MEDIA RELEASE 4 September 2020

Despite it being nearly 30 years since the recommendations were handed down by the Royal Commission into Aboriginal Deaths in Custody, a further 439 Aboriginal lives have been lost within the justice system. This week the Alice Springs court heard the accounts of Kumanjayi Walker, a 19-year-old, Warlpiri man, who was fatally shot three times by Constable Zachary Rolfe in Yuendumu last year.

Throughout the history of colonised Australia very few police officers have been charged with murder, let alone stood trial, for taking an Aboriginal life. Should the court proceed with the murder charge against Rolfe, the recognition will be of great significance to the 439 families and communities who were not able to find closure for the loss of their loved ones. The court heard yesterday that the committal hearing will be adjourned until 25 September.

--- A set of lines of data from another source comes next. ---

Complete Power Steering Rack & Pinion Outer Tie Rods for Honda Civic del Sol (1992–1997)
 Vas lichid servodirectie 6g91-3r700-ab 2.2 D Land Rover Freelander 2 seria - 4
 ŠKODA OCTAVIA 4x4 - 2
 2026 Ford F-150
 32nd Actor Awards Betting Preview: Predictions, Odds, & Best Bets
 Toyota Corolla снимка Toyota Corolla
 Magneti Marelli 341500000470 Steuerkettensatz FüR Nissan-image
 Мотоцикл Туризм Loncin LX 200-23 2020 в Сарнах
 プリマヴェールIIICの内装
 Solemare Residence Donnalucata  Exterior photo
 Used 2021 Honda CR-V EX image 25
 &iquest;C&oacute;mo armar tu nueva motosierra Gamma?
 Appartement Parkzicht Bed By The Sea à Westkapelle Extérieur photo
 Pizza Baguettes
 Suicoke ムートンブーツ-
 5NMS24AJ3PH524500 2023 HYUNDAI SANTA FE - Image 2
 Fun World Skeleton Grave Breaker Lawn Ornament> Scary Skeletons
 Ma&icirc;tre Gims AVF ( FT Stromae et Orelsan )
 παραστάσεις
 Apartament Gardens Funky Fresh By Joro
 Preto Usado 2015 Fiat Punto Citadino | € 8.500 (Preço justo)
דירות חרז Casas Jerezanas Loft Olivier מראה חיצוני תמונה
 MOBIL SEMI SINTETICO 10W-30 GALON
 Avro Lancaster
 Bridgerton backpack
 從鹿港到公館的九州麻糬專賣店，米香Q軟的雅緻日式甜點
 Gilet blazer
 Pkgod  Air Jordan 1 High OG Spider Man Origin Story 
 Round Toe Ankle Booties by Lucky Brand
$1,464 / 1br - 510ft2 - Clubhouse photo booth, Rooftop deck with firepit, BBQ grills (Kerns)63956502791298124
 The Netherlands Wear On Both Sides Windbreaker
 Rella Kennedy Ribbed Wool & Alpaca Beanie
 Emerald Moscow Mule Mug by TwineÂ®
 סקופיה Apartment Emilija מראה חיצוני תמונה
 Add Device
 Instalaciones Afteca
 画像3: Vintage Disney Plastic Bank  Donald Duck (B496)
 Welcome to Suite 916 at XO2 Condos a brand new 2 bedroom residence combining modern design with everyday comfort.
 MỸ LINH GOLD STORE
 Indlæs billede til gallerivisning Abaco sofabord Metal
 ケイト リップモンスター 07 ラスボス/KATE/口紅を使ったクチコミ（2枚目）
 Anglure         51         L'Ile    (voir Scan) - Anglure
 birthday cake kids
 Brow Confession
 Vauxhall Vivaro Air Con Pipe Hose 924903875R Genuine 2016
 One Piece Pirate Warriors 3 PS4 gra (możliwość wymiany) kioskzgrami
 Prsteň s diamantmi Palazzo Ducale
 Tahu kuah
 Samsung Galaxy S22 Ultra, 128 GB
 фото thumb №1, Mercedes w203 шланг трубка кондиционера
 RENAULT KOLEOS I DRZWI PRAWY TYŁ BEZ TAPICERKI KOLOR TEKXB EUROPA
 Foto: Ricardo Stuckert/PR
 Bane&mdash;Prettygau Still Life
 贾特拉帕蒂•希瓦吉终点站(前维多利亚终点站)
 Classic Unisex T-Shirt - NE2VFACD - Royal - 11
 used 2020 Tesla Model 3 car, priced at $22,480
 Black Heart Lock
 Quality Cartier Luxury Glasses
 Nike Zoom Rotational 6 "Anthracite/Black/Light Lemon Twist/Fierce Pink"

Quotes attributable to Nerita Waight, CEO of Victorian Aboriginal Legal Service

“VALS stands in solidarity with Kumanjayi Walker’s family and community as they continue to demonstrate immense strength, waiting for justice to be served. In the spotlight of the Black Lives Matter movement, the court’s decision on how to proceed will be pivotal for Aboriginal and Torres Strait Islander communities across Australia. Here at VALS we watch in anticipation and hope for change.”